I had a blog for years. I shared and over-shared and for the most part, kept it away from people in my everyday life. I needed a place where I could work through some really difficult times but I didn’t necessarily want the person across the office lunch table to read my deeply personal stuff.
Work was (and continues to be) a place where I needed to draw a line between my painful reality and the equally important reality of needing to hold down a job. Even then, there were many times when I barely made it through the day without closing my office door (thank God for that door!) and had a meltdown.
I had a lot of meltdowns. My boss knew generally what was going on but I needed to keep my emotional distance in order to get through the day, complete my work tasks and just plain function. Oh and did I mention that this went on – up and down – for years? Yeah.
The last few months, I’ve been surprisingly reminded of those times because they’ve snuck back into my everyday life in ways that I thought were either over or – after all these years – manageable.

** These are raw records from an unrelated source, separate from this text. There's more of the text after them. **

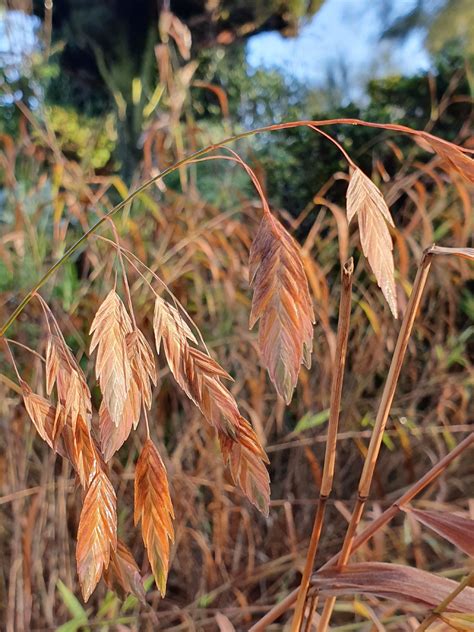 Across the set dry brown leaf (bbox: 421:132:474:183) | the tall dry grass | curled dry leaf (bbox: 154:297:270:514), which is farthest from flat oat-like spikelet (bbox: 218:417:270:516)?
the tall dry grass

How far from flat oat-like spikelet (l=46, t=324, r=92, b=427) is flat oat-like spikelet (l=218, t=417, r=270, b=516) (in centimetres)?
6

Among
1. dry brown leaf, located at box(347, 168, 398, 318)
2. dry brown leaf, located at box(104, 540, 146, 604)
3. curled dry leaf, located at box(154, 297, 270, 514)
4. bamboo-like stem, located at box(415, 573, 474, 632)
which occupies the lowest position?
bamboo-like stem, located at box(415, 573, 474, 632)

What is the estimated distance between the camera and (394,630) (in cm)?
80

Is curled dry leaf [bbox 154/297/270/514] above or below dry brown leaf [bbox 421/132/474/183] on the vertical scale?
below

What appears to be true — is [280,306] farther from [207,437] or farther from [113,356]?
[207,437]

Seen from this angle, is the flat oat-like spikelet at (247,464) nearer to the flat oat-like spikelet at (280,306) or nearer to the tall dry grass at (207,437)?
the flat oat-like spikelet at (280,306)

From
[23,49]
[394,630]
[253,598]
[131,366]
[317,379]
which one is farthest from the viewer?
[23,49]

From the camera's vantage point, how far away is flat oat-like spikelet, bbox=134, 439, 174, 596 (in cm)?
23

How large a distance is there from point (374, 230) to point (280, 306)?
0.05 meters

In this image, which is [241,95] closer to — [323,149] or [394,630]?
[323,149]

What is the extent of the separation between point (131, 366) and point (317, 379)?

> Insert raucous laughter from the universe <
I launched this website a few years ago when I could no longer quiet the voice that whispered Write this stuff down. When I could no longer deny that I figuratively needed to write my heart out.
However without meaning to I’ve created another set of two realities. This blog – while being a place where I’ve truly tried to be honest and real – doesn’t really reflect the mindset with which I created the site as a whole.
Enter keywords grief, babies, grief, miscarriage, grief, grace, and oh yeah, grief.
Over the years, by trial and many, many errors, I learned how to navigate the waters of my new reality. To play the system of retaining my sanity while still functioning in the real world. The real world that has babies and children and pregnant bellies around every other corner.
The last few months have felt like I’ve uncovered a nerve that leads directly into the intensity of those past times. Experiencing this “shortcut” feels like a failure. Being brought to tears when innocently being asked before an x-ray if I could be pregnant feels far too familiar.
And yes, I know the whole Grief knows no time limits.
But it’s happening a lot lately and so I hear the small voice whisper, Maybe this is a test. To see if you have enough faith. Because that’s what it felt like back when I was going through the years of infertility treatments, pregnancies, and miscarriages on a seemingly endless loop. I felt like I was being tested. And of course, as in almost every other aspect of my life at the time, I felt like I was failing.
There’s no neat and tidy resolution here. Not to this disjointed post or to the renewed experiences of sadness into which I’m currently stumbling. In this and so many other tests, the answers are not found in a simple Pass/Fail system, but rather by means of a messy, emotional, all-over-the-map essay.